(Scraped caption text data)
────────────────
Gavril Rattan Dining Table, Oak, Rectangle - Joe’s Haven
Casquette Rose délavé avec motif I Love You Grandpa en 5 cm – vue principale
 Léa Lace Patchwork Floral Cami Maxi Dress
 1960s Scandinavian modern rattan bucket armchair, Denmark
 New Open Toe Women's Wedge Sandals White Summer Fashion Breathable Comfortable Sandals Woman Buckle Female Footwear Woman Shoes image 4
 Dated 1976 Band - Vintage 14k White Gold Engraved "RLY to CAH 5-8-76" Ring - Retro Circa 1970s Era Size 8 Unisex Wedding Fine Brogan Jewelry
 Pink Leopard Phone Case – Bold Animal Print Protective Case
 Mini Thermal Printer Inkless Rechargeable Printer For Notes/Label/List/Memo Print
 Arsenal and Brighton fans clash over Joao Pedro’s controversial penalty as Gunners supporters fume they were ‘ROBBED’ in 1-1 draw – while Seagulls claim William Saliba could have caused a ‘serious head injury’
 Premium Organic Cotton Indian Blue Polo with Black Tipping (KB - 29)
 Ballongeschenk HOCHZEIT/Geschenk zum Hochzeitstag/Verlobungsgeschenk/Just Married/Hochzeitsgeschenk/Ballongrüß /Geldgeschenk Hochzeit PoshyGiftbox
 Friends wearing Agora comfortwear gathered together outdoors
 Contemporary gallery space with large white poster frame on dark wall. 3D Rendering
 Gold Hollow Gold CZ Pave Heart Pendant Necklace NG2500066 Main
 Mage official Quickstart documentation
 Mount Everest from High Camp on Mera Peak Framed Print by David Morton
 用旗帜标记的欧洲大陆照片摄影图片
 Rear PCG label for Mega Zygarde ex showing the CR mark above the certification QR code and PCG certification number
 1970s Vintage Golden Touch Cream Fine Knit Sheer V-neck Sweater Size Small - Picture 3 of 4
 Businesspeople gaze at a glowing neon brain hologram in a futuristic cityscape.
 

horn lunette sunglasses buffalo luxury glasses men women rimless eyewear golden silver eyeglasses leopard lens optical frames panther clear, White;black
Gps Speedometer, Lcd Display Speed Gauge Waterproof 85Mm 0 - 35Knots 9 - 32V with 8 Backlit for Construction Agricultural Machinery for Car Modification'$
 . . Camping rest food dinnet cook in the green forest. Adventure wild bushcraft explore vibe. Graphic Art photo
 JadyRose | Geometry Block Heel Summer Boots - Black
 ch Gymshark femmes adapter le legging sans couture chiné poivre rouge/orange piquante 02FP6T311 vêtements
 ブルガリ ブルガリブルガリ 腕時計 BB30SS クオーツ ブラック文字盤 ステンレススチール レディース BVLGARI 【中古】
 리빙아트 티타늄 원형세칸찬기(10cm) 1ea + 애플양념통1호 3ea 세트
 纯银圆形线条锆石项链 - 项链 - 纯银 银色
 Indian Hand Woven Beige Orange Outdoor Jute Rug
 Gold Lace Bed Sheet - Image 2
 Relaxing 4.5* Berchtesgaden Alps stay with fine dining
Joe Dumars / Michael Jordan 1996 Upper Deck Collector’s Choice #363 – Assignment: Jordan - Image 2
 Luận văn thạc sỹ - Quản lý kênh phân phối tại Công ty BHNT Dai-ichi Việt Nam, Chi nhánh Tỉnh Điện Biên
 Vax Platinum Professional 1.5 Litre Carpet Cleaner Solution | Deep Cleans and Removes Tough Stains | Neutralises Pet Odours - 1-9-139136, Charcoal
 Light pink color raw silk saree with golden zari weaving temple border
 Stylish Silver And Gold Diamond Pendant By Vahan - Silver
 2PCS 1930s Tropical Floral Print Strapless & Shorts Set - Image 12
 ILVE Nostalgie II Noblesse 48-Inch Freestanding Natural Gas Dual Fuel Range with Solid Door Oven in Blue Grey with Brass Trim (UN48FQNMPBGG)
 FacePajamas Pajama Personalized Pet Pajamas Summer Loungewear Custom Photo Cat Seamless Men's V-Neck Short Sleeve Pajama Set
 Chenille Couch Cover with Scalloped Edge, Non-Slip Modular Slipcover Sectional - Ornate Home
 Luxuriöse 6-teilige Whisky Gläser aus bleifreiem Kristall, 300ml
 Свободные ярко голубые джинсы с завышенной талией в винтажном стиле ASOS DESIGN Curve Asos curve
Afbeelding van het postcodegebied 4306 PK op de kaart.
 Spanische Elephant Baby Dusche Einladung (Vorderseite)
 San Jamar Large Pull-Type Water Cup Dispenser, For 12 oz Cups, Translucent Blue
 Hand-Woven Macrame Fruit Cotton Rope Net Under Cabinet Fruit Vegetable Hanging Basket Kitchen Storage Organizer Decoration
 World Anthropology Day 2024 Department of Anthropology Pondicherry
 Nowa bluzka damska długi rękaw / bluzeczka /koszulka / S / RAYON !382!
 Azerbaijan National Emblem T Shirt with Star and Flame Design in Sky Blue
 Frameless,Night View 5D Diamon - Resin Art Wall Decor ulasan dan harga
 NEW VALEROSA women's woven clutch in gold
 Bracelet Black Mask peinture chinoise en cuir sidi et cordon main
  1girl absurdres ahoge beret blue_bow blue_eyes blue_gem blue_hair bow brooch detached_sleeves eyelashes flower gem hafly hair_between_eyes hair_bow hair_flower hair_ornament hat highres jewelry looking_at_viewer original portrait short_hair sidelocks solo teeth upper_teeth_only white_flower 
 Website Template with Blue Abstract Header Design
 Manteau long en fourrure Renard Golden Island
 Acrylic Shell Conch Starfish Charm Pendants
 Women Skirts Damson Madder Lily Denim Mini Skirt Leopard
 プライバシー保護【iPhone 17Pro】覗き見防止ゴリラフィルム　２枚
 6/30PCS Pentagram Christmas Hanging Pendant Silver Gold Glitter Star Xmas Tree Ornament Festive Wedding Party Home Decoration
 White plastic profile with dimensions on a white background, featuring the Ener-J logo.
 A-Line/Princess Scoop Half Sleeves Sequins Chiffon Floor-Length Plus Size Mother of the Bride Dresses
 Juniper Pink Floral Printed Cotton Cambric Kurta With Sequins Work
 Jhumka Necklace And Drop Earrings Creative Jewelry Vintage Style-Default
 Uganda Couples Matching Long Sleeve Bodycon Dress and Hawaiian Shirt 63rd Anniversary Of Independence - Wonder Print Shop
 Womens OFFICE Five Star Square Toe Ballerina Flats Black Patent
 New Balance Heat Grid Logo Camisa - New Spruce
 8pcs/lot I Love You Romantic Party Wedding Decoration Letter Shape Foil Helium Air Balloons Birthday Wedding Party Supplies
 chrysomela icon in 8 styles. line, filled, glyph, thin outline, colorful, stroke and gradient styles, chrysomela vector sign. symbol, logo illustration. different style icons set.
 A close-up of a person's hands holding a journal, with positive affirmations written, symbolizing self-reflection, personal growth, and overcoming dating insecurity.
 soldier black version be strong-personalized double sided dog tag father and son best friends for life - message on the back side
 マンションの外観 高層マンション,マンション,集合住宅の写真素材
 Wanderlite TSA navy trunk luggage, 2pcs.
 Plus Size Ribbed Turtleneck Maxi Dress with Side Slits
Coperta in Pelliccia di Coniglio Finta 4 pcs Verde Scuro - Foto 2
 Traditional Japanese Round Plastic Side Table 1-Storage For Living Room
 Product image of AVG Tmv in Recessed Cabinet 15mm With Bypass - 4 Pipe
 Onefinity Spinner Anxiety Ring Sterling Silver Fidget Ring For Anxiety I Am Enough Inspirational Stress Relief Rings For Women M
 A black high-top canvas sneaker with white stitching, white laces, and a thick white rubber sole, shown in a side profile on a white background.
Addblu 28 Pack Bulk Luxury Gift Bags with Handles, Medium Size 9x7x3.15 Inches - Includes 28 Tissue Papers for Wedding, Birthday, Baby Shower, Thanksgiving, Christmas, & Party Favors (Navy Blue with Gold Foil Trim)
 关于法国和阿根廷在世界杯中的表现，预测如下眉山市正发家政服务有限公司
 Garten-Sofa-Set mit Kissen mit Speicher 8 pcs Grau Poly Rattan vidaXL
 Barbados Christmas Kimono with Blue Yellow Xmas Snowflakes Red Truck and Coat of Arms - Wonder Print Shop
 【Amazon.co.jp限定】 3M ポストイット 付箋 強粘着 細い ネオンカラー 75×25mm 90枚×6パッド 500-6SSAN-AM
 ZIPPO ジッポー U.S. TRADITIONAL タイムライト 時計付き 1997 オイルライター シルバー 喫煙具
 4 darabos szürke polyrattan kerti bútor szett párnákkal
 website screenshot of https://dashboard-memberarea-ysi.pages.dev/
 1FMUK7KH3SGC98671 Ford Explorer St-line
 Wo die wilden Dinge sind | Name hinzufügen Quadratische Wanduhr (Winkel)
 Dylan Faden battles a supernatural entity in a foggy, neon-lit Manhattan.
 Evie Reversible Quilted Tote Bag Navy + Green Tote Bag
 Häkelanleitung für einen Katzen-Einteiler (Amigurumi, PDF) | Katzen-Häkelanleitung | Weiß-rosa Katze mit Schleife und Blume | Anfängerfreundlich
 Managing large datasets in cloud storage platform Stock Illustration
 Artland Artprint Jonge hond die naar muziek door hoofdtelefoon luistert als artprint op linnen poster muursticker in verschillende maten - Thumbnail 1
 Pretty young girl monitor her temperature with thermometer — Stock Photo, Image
────────────────
> What to work on
Beginning at the first line of the records, give again each line exactly as written, ending with the line that contains "Gps Speedometer, Lcd".

> Finished exercise
Gavril Rattan Dining Table, Oak, Rectangle - Joe’s Haven
Casquette Rose délavé avec motif I Love You Grandpa en 5 cm – vue principale
 Léa Lace Patchwork Floral Cami Maxi Dress
 1960s Scandinavian modern rattan bucket armchair, Denmark
 New Open Toe Women's Wedge Sandals White Summer Fashion Breathable Comfortable Sandals Woman Buckle Female Footwear Woman Shoes image 4
 Dated 1976 Band - Vintage 14k White Gold Engraved "RLY to CAH 5-8-76" Ring - Retro Circa 1970s Era Size 8 Unisex Wedding Fine Brogan Jewelry
 Pink Leopard Phone Case – Bold Animal Print Protective Case
 Mini Thermal Printer Inkless Rechargeable Printer For Notes/Label/List/Memo Print
 Arsenal and Brighton fans clash over Joao Pedro’s controversial penalty as Gunners supporters fume they were ‘ROBBED’ in 1-1 draw – while Seagulls claim William Saliba could have caused a ‘serious head injury’
 Premium Organic Cotton Indian Blue Polo with Black Tipping (KB - 29)
 Ballongeschenk HOCHZEIT/Geschenk zum Hochzeitstag/Verlobungsgeschenk/Just Married/Hochzeitsgeschenk/Ballongrüß /Geldgeschenk Hochzeit PoshyGiftbox
 Friends wearing Agora comfortwear gathered together outdoors
 Contemporary gallery space with large white poster frame on dark wall. 3D Rendering
 Gold Hollow Gold CZ Pave Heart Pendant Necklace NG2500066 Main
 Mage official Quickstart documentation
 Mount Everest from High Camp on Mera Peak Framed Print by David Morton
 用旗帜标记的欧洲大陆照片摄影图片
 Rear PCG label for Mega Zygarde ex showing the CR mark above the certification QR code and PCG certification number
 1970s Vintage Golden Touch Cream Fine Knit Sheer V-neck Sweater Size Small - Picture 3 of 4
 Businesspeople gaze at a glowing neon brain hologram in a futuristic cityscape.
 

horn lunette sunglasses buffalo luxury glasses men women rimless eyewear golden silver eyeglasses leopard lens optical frames panther clear, White;black
Gps Speedometer, Lcd Display Speed Gauge Waterproof 85Mm 0 - 35Knots 9 - 32V with 8 Backlit for Construction Agricultural Machinery for Car Modification'$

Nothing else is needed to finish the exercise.